Patriot’s Day Announcement
The latest in our ongoing dispute with CIM Group and the Downtown Grand Hotel & Casino.
SILENCE FROM THE DTG ON USE OF DT3RD FOR ANNUAL PATRIOT’S DAY PARADE.
For the last 8 years, Hogs & Heifers Saloon has been honored to join forces with the Las Vegas Valley Firefighters September 11th Remembrance Committee to host the Patriot’s Day Parade and Remembrance Ceremony on Downtown 3rd Street. The Parade commences at 7PM and includes Firefighters, Police Officers, Military Servicemen and women, Honor Guards and Pipes & Drums from across the Valley and from all over our Nation. These men and women serve our Nation’s Cities, many of them traveling to Las Vegas specifically to join the Patriot’s Day Parade assembly that begins on DT3rd annually. Las Vegas Fire & Rescue raises an enormous American Flag, every year at the the top of 3rd Street and Ogden Avenue to create the American Flag Arch that the Patriot’s Day Parade passes under as it marches to the 3rd Street Stage on the Fremont Street Experience for a Remembrance Ceremony to honor the lives of our first responders and all of those who perished on 9/11 18 years ago.
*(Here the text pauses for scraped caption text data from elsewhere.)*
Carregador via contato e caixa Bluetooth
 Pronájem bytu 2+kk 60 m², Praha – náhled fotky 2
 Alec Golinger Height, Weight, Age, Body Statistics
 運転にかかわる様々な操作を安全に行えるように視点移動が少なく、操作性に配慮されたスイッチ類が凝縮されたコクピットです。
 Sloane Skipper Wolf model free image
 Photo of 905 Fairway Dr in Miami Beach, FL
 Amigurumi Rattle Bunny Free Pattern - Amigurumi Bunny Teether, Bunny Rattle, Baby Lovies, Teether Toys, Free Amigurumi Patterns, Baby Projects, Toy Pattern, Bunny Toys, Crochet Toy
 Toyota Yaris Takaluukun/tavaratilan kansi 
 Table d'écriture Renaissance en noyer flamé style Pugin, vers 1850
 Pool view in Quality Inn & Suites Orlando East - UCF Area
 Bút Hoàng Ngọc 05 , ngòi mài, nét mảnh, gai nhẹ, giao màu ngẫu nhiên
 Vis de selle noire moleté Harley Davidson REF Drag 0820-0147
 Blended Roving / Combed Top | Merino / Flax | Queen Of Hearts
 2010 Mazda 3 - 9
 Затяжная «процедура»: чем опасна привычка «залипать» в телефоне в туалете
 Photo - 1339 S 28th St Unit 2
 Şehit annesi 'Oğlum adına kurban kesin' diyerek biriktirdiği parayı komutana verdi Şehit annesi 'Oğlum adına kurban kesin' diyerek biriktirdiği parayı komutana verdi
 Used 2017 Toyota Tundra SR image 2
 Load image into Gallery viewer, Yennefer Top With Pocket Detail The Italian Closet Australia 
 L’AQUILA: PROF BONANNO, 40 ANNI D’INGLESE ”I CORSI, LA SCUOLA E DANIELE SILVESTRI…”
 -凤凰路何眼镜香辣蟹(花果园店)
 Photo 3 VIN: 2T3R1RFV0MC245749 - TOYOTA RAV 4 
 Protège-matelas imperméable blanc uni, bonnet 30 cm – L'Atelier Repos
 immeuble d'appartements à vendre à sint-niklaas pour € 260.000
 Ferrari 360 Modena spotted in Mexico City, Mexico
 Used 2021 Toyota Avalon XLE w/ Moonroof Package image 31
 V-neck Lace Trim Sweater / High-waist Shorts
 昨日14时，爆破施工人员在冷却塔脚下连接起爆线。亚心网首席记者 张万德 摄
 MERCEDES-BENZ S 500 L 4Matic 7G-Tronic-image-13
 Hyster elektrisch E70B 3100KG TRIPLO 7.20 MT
The Fremont Street Experience creates an incredible Patriot’s Day Remembrance video that is different every year and runs under the FSE canopy for all to look up and watch. There is a spine chilling, poignant moment of silence that travels the several block stretch from one end of FSE to the other. The Parade then returns to DT3rd Street, again passing under the American Flag Arch, where the Pipes & Drums then form a giant circle and perform the National Anthem and Amazing Grace before marching inside Hogs & Heifers Saloon for a continuation of the Pipes & Drums Performance in our Flag Bar, filled with memorabilia donated to us by your complete gamut of First Responders and Military Personnel; and then followed by a Celebration of Life gathering.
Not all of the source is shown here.